Film da ri(vedere) in quarantena: “Breathless”

Film da ri(vedere) in quarantena: “Breathless”

Un esordio devastante. Yang Ik-june – un nome già come attore del nuovo cinema coreano – qui scrive, produce, recita e dirige. Come fosse un veterano non sbaglia un colpo. E di colpi ne dà tanti, assestandoli per bene, con la giusta cattiveria, con una dose enorme di violenza.

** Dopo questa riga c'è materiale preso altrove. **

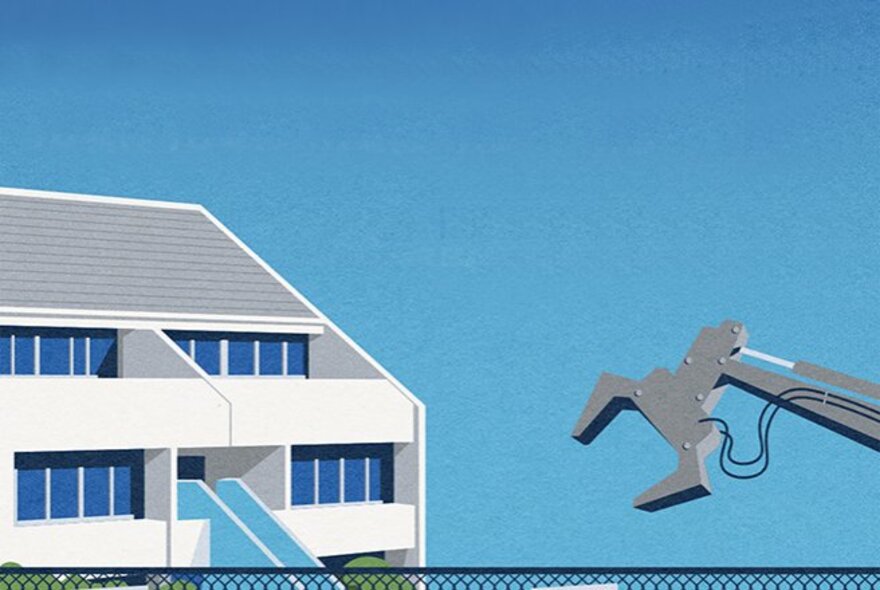 Illustration of a crane looming over a public housing apartment building.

In un tempo e in uno spazio nei quali casa e famiglia sono stigmate e i dolori si lasciano taciuti a scavare il proprio profondo, Sang-hoon è un picchiaduro al servizio di un amico strozzino, Yeon-hee una liceale orfana di madre costretta a subire violenze fisiche e psicologiche dal padre e dal fratello. I due diventano stranamente amici, tra picchi d’orgoglio e il disperato bisogno di gettare la maschera. Il non detto per i personaggi di Ik-june supera di gran lunga il dichiarato, i propri bisogni vitali relegati sullo sfondo a forza di botte. E’ spietato Ik-june nel mostrare come la violenza, una volta messa in moto, non sia in grado di fermarsi prima di aver concluso il suo circolo generazionale. Nondimeno riesce a far sorridere. I dialoghi sboccati settano il tono della pellicola verso lo spassoso, laddove il peso generale della storia è nero come la colpa, bordeaux come il sangue mosto. E’ un alleggerimento non da poco, i 130 minuti scorrono via in un attimo e si arriva al finale (prevedibile?) in cui Sang-hoon muore e il suo posto viene idealmente preso dal suo assassino, il fratello di Yeon-hee, senza essersi accorti che la lancetta dell’orologio abbia fatto per più di due volte il giro. E alla fine Ik-june riesce nel difficile obiettivo di congelare la violenza, nella felicità del dopo. La sensazione però è che le intimidazioni e i pestaggi per queste vite non finiranno e che il sangue mosto non dormirà per molto.